_Entries shown_

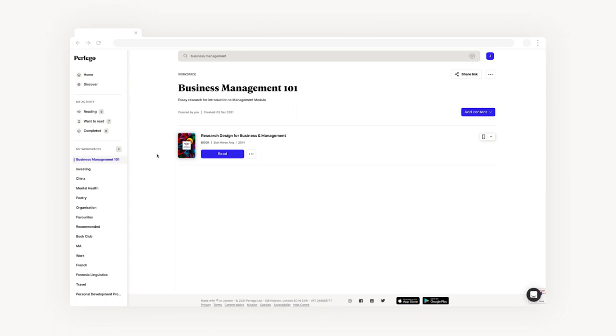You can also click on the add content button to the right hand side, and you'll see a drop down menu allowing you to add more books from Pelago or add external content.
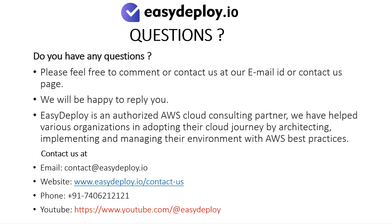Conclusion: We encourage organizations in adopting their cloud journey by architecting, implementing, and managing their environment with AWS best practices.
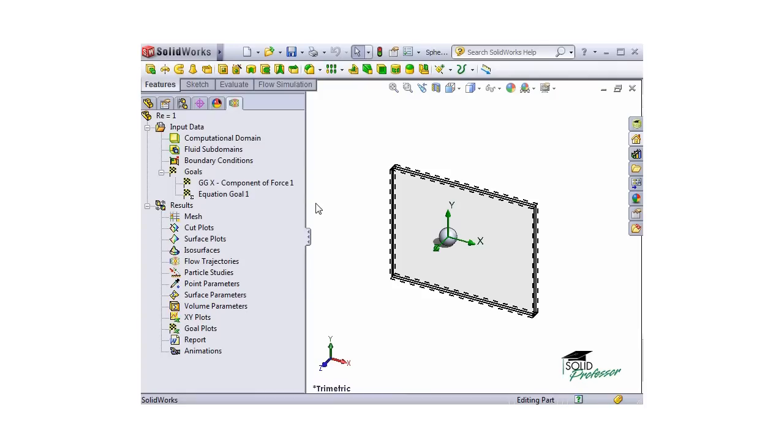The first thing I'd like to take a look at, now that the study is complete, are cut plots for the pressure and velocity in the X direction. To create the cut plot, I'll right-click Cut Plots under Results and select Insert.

==

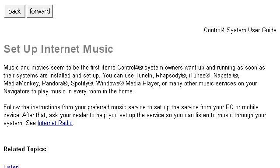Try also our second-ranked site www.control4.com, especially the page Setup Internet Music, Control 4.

_Problem_
Repeat exactly the lines above, from the line that contains "You can also" down through the line that contains "The first thing". Include both of those lines and none of the pictures.

_Task result_
You can also click on the add content button to the right hand side, and you'll see a drop down menu allowing you to add more books from Pelago or add external content.
Conclusion: We encourage organizations in adopting their cloud journey by architecting, implementing, and managing their environment with AWS best practices.
The first thing I'd like to take a look at, now that the study is complete, are cut plots for the pressure and velocity in the X direction. To create the cut plot, I'll right-click Cut Plots under Results and select Insert.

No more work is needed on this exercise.